道具屋 (落語)
道具屋(どうぐや)は古典落語の演目の一つ。古くからある小咄を集めて、一席の落語にしたオムニバス形式の落語である。
主な演者
[編集]物故者
[編集]現役
[編集]道具屋が初高座の落語家
[編集]あらすじ
[編集]原話がある場合は、各章の末尾に記載しておく。
発端
[編集]神田三河町の大家・杢兵衛の甥っ子の与太郎。もう二十歳にもなるのに、働かないで遊んでばかりいるため、叔父さんは常にハラハラさせられている。
「お前のお袋がな、『何か商売を覚えさせてくれ』と言っていたが…何かやるか?」
「いいよ、そんなの」
彼自身も、遊んでばかりいてはいけないと考えており、この前珍しく商売をしてみたというのだが…?
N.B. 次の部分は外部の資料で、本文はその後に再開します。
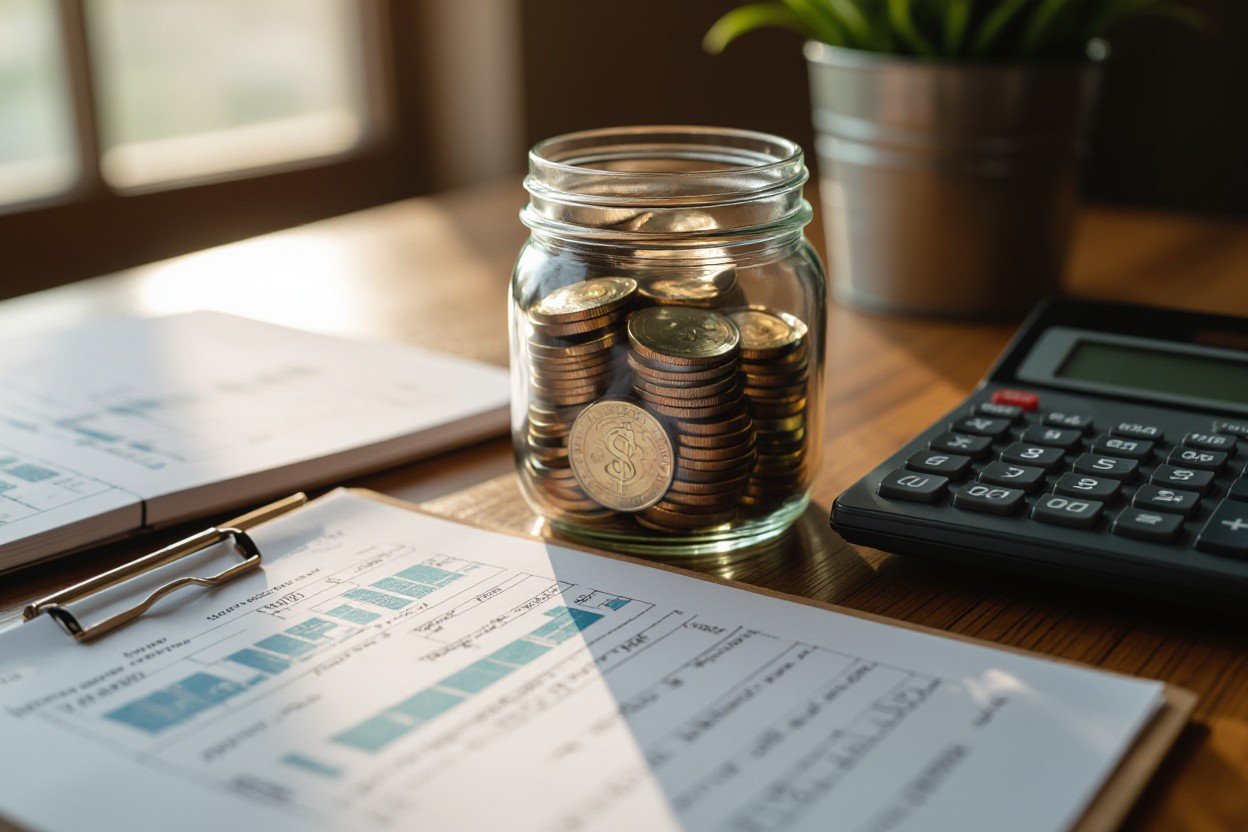How to Save for a Big Purchase Without Debt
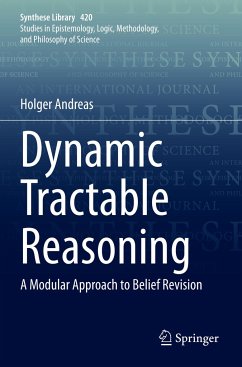 Dynamic Tractable Reasoning - Andreas, Holger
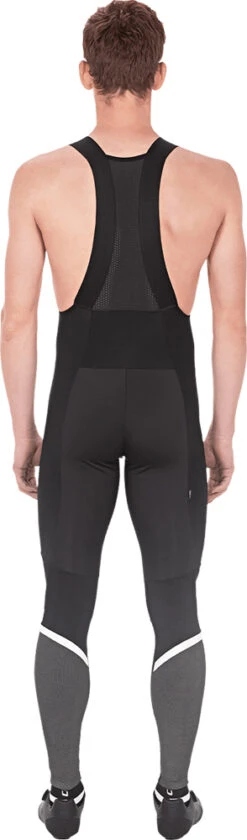 Cube Blackline - Bib Tights With Pad -Cube Cube Blackline Tragerhose lang mit Polster 11072 3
「伝書鳩を買ってね、あたいのところに戻るよう訓練するんだよ。そうすれば、他人に売っても絶対にあたいの所へ戻ってくるだろ? それを繰り返して大儲け…」
「へんなことを考える奴だな。で、上手くいったのか?」
「いんや。放してみたんだけど、鳥屋に帰っていっちゃった」
叔父さんは唖然。それでも、ほうっておく訳にはいかないと思い、自分が『副業』でやっている"あること"をやらないかと提案した。
「知ってるよ、アタマに『ド』の字のつくやつだろ?」
「何だ、知っていたのか」
「うん、泥棒!」
「道具屋だよ…」
元帳があるからそれを見て、いくらか掛け値をすれば儲けになるから、それで好きなものでも食いなと言われて与太郎早くも舌なめずり。
しかし…その品物というのが凄かった!
「その鋸はな、火事場で拾ってきた奴なんだ。紙やすりで削って、柄を付け替えたんだよ」
股引は履いて"ヒョロッ"とよろけると"ビリッ"と破れちゃう『ヒョロビリ』だし、カメラの三脚は脚が一本取れて『二脚』になっている。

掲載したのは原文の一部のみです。